The shaky semblance of a democratic society some people may have dreamt of in Tanzania is being shut down before our very eyes, and very few people seem to be able to raise the alarm.
In the early 1990s, when the whole world was awakening to a renewed quest for better and more inclusive governance dispensations in the wake of the fall of the Berlin Wall, we had reason to hope that Tanzania, alongside many African countries, was opening a new page of greater people participation in the running of their country’s affairs.
The re-establishment of multiparty politics, long forbidden under the single-party hegemony that covered the whole continent, seemed to herald that new era where multiple voices would be heard. It almost felt like the old adage of letting a thousand flowers blossom and a thousand thoughts contend.
Today all that looks like a chimera, something fashioned out of a waking dream with no connection to reality. Tanzania has steadfastly slid back into tyranny and the worst type of the Big Man syndrome we have ever experienced, even we who are of a certain age.
A district governor visits a school and subjects the teachers to an impromptu quiz. He asks teachers to mention his name, among other nonsensical questions. A teacher refuses — or fails — to answer, and he gets remanded in custody for this transgression.
Another governor pursues an unruly schoolboy who is accused of damaging his car. At the boy’s home he finds the boy’s father and proceeds to beat up the old man thoroughly, just to teach him something about parenting.
In another district, a governor is unhappy with the answers given by a citizen, and what does she do? She boxes the ears of the peasant to make him a better citizen. In yet another district, a governor takes it upon himself to uproot expensive irrigation equipment servicing the modern farm of the leader of the opposition.
Lock up
An opposition MP is arrested on charges of attending a rally outside her constituency, which has become a “crime” in Tanzania since President John Magufuli issued a fiat requiring politicians to hold rallies only in their constituencies and nowhere else, no matter that the rally attended by this particular woman was organised by a fellow MP from her party.
There is an endless parade of opposition leaders entering and exiting police stations to answer to laughable charges, and the police show no qualms about arresting legislators and keeping them incommunicado for as long as they, the police, wish. Somebody has suggested that at this rate the opposition might as well establish sub-offices at police stations.
Tundu Lissu, that nemesis of President Magufuli, has been arrested again and his house has been searched for the nth time. For what? He is accused of accusing Magufuli of having occasioned the loss of many billions of shillings by his actions when he was a cabinet minister.
President Magufuli will have to bear the blame for the actions of those serving under him. He has publicly encouraged local governors to lock up people who disagree with them; now they are caning them into the bargain.
The preventive detention law is an anachronistic piece of legislation dating from the days of the authoritarian regimes of Kwame Nkrumah and Julius Nyerere.
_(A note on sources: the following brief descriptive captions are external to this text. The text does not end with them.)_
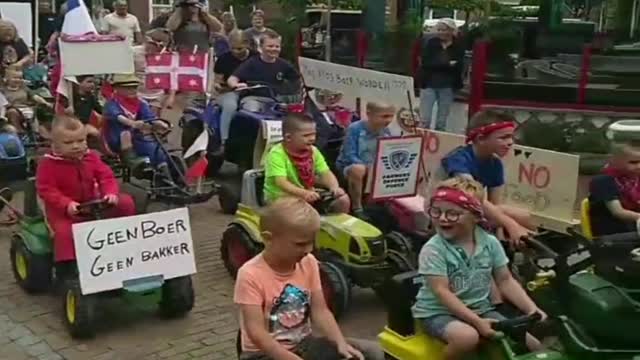 Young Farmers Convoy in Protest of Absurd Nitrogen Policies That Will Steal Their Future Farmland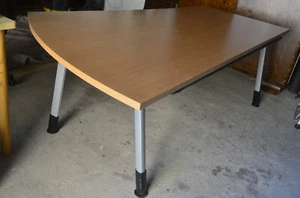 Schreibtisch höhenverstellbar, 200 x 100 cm Höhe: ca. 60-70 cm, Holz - Bild 1 von 2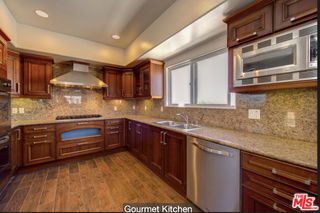 Building Photo - 11547 Rochester Ave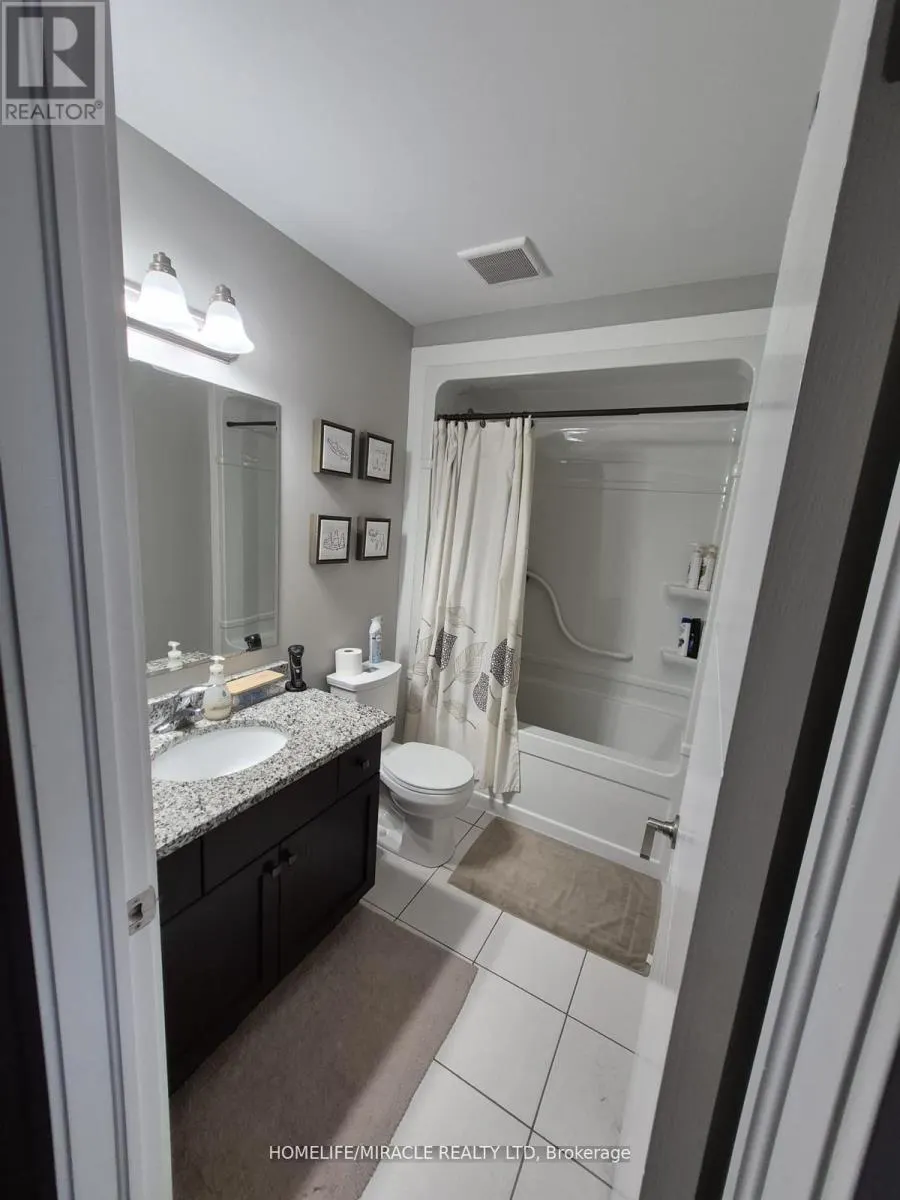 886 ROBERT FERRIE DRIVE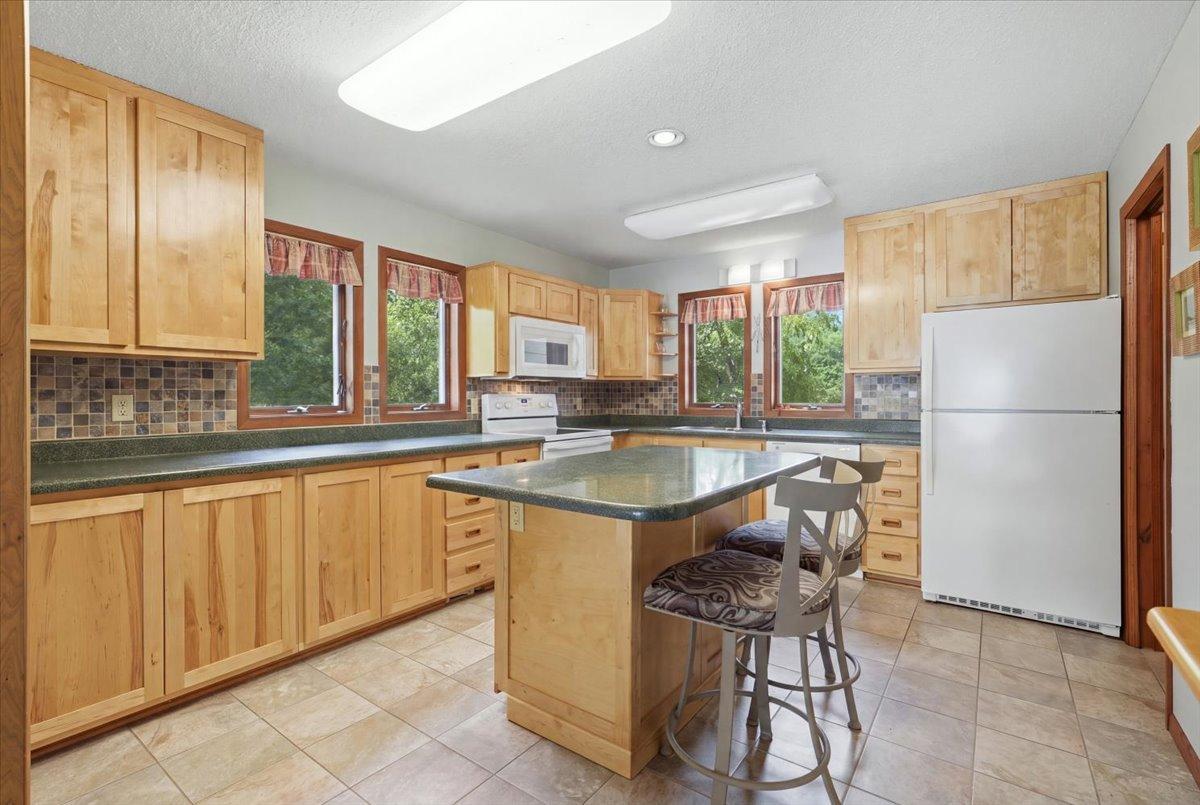 261 Lower Pine Lake Ct, Star Prairie, WI 54026
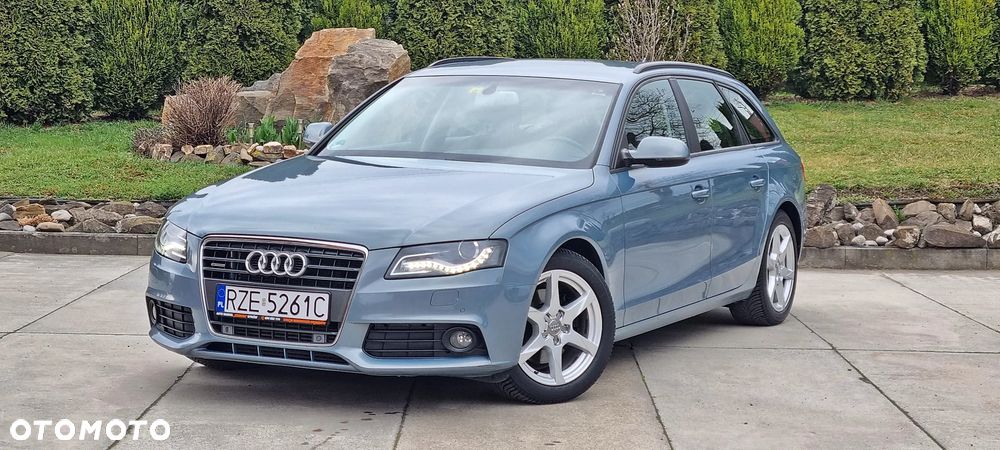 Audi A4 Avant 2.0 TDI DPF quattro Attraction - 12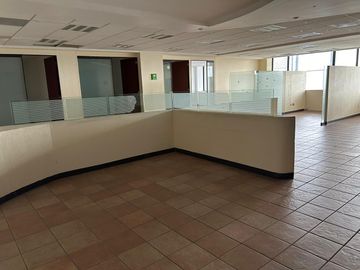 RENTA DE OFICINAS EN AV. LOMAS VERDES A $300.00 M2, NAUCALPAN DE JUAREZ, ESTADO DE MEXICO.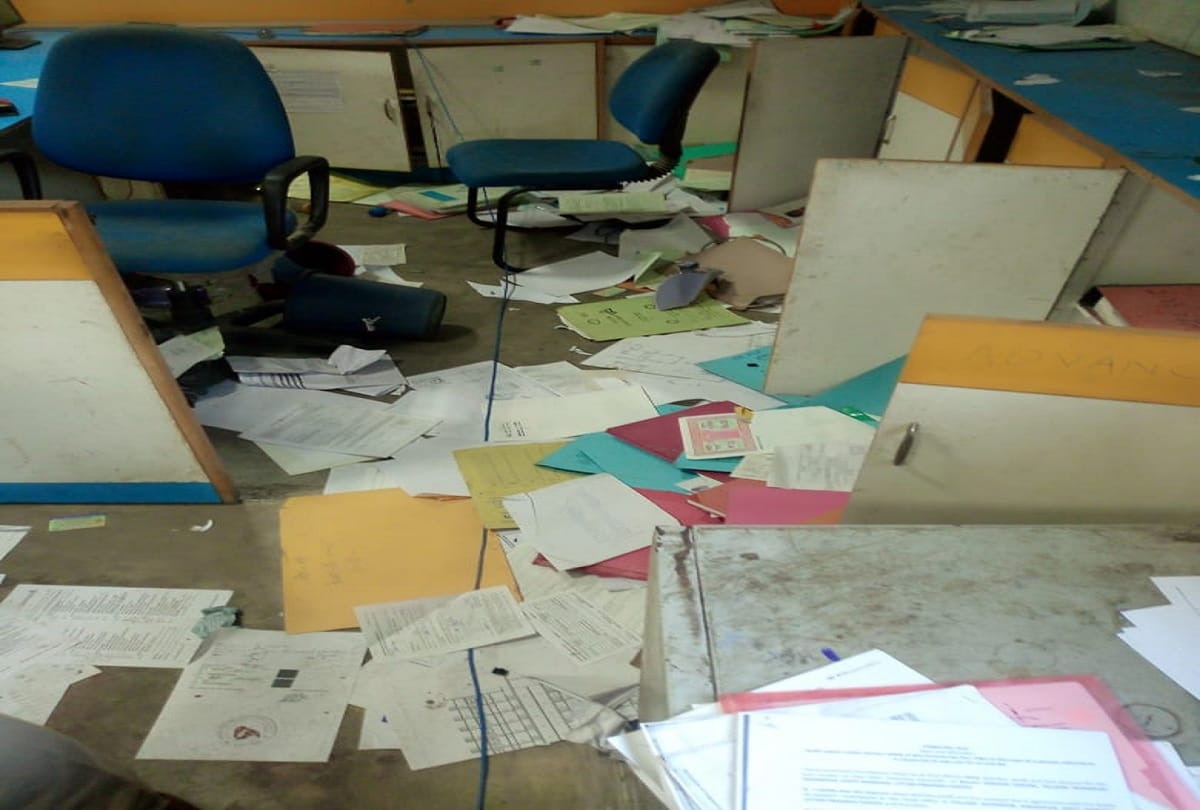 Theft attempted in Canara Bank of Hasanpur in amroha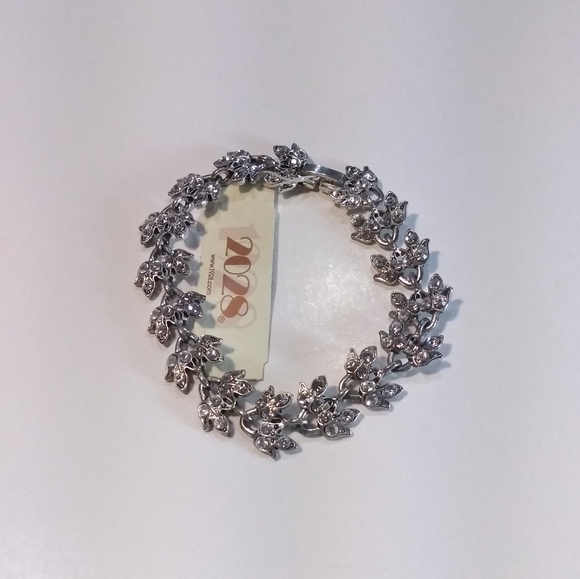 2028 Vintage Look Rhinestones Bracelet. - Picture 2 of 3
President Magufuli has made that a central activity of his officers in the districts.
PLO Lumumba praises
It is bound to get even tougher in a country that has gone eight months without a Chief Justice, something never heard of before. The man who has been “acting” as CJ must be wondering what he needs to do to get confirmed.
Parliament is a caricature of itself as President Magufuli takes pleasure in giving instructions to the Speaker on how to deal with “troublesome” MPs and the Speaker does as he is told.
The media, traditionally tame and timid, has been taken to the gallows with the new fangled Media Services Act which criminalises libel and imposes stiff prison terms for media misdemeanours. A Gulag has installed itself in Tanzania.
That is something Prof PLO Lumumba does not know and isn’t interested in knowing. As he continues to sing his praises of the Tanzanian president, Lumumba speaks out of ignorance and does us grievous injury.